Enterprises that use endpoint security and management technologies face a problem of growing marketplace “sprawl,” as new tools proliferate and options multiply, according to a study released by the Enterprise Services Group.
Between the ongoing influence of remote work and Internet of Things (IoT), the number and diversity of devices that have to be managed by endpoint security tools is on the rise. As a consequence, the number of available tools to manage them has also risen.

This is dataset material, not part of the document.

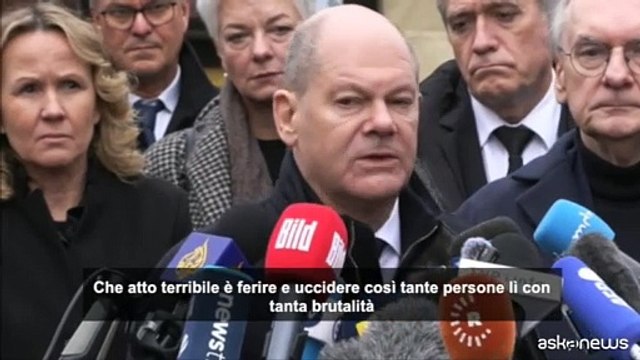 Olaf Scholz condanna il terribile atto al mercatino di Natale
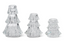 Set de 3 Portavelas de cristal pino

An ESG survey of 380 security professionals, commissioned by cybersecurity company Syxsense, showed that companies using larger numbers of different tools to manage their endpoints had larger proportions of unmanaged endpoints, compared to those with fewer. Put simply, the complexity of the current-day device environment is leading to worse security, according to the research.
Diversity of devices increase
Device diversity, in particular, has increased sharply of late. While Windows PCs were still the most common devices under management, with 65 per cent of survey respondents saying they were managing one or more such devices, IoT devices were the second-most common, at 61 per cent for general purpose devices and 54 per cent for specialised gadgets.
Chromebooks, Android devices, and phones and tablets running iOS were also common devices under management.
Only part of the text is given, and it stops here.